Per San Benedetto, nel VI secolo, i “claustra monasterii” rappresentavano semplicemente il recinto, cioè il limite al di fuori del quale i monaci non potevano andare senza il permesso dei superiori. L’idea di uno spazio porticato entro cui disimpegnare le varie parti del convento prese in realtà solidamente corpo solo nel VII secolo: esaminando solo le similitudini progettuali, esso parrebbe derivare dal peristylium delle case romane, o più probabilmente da modificazioni del paradisus, lo spazio antistante alle chiese protocristiane, nel quale si riunivano i religiosi. Di quel periodo è testimone il chiostro dei Santi Vincenzo e Anastasio, uno dei primi ad essere costruiti in Occidente.
Tutti gli altri chiostri di Roma, in realtà, indipendentemente dal fatto che siano ospitati da chiese, abbazie o conventi, sono successivi all’anno Mille. A realizzare chiostri nella città eterna anche artisti del calibro di michelangelo, Bramante, Borromini, della porta ed altri.
Di particolare bellezza è quello attiguo alla chiesa di San Paolo Fuori le Mura, con i suoi capitelli a stampella tipici delle finestre dei campanili duecenteschi e con un attraente loggiato superiore, che fu prima murato e poi, nel 1929, riaperto ad opera dell’architetto Cesanelli che gli ridiede più o meno l’aspetto che doveva avere otto secoli addietro. Non è possibile riconoscere un preciso stile dominante, poiché l'artista mostra influenze della tradizione medievale, classica, bizantina e persino etrusca - osservabile nella figura della chimera, il mitologico mostro con la testa di un leone, il corpo di capra e la coda di un serpente.
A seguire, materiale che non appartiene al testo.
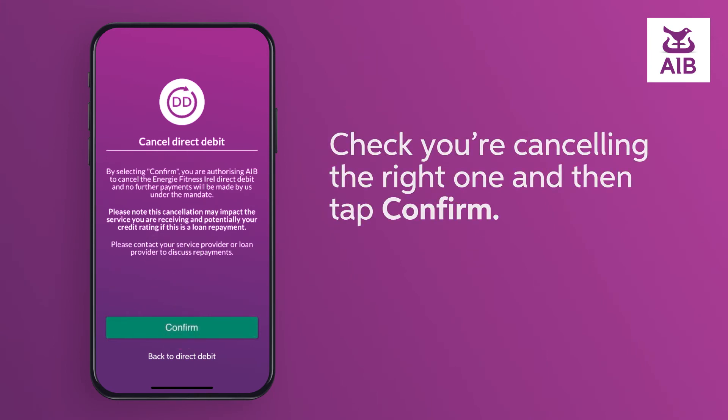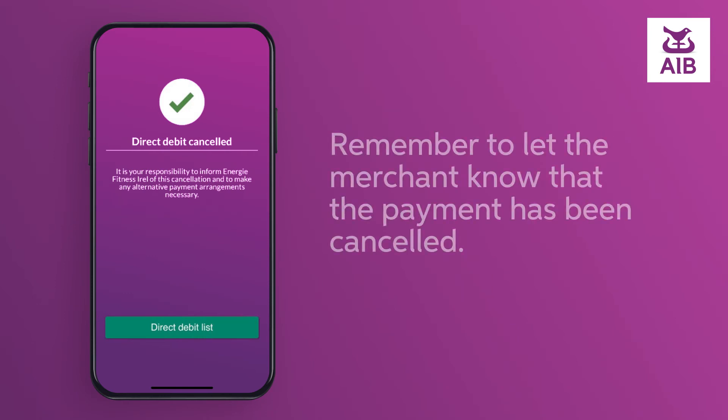You have now cancelled the direct debit. Remember to let the merchant know that the payment has been cancelled.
Questo gioiello architettonico cosmatesco fu realizzato Pietro Vassalletto e da suo figlio esattamente come quello della Basilica di San Giovanni in Laterano, che costituisce il più grande esistente nella città eterna (36 metri di lunghezza per ogni lato. Si tratta di una struttura ricca di intarsi musivi delle colonne che creano l’effetto di lumeggiatura tipico della scuola dei Cosmati, cioè della dinastia di artisti che caratterizzava le sue opere con particolari tecniche di intarsio a mosaico derivanti da elaborazioni di stili orientali. Le colonne binate che sorreggono i porticati sono inoltre sostenute dal “podium”, zoccolo continuo che trasforma gli stessi, lateralmente, in gallerie semichiuse. Ci si imbatte in un variegato repertorio di elementi provenienti dal mondo arabo, egizio, romano, con bestiari di stampo medioevale. L’ elemento più prezioso del chiostro è costituito dalla sontuosa trabeazione esterna, impostata su più livelli. Tanti i rimaneggiamenti subiti a causa di incendi e terremoti. L’accesso è a pagamento.
Entrambi sono ben conservati, differenza di quello della chiesa di Santa Francesca Romana, al Foro Romano, che presenta interessanti elementi romanici, così come quello, comunque suggestivo, del convento di Santa Cecilia in Trastevere, che, considerato il carattere di stretta clausura del luogo, è possibile visitare molto raramente.
Meritevole di una visita è il chiostro medievale della Basilica dei Santi Quattro Coronati al Celio, cui si accede tramite una porticina che si apre a metà della navata sinistra. Forti e leggere sono le colonne binate che sostengono il portico e sembrano custodire il giardinetto interno in cui è centrata una fontana leonina del XII secolo. Il complesso, preceduto dal campanile più antico di Roma (IX secolo), è dedicato a quattro scultori dalmati che presumibilmente si rifiutarono di scolpire le statue delle divinità pagane e furono così martirizzati dall'imperatore Diocleziano.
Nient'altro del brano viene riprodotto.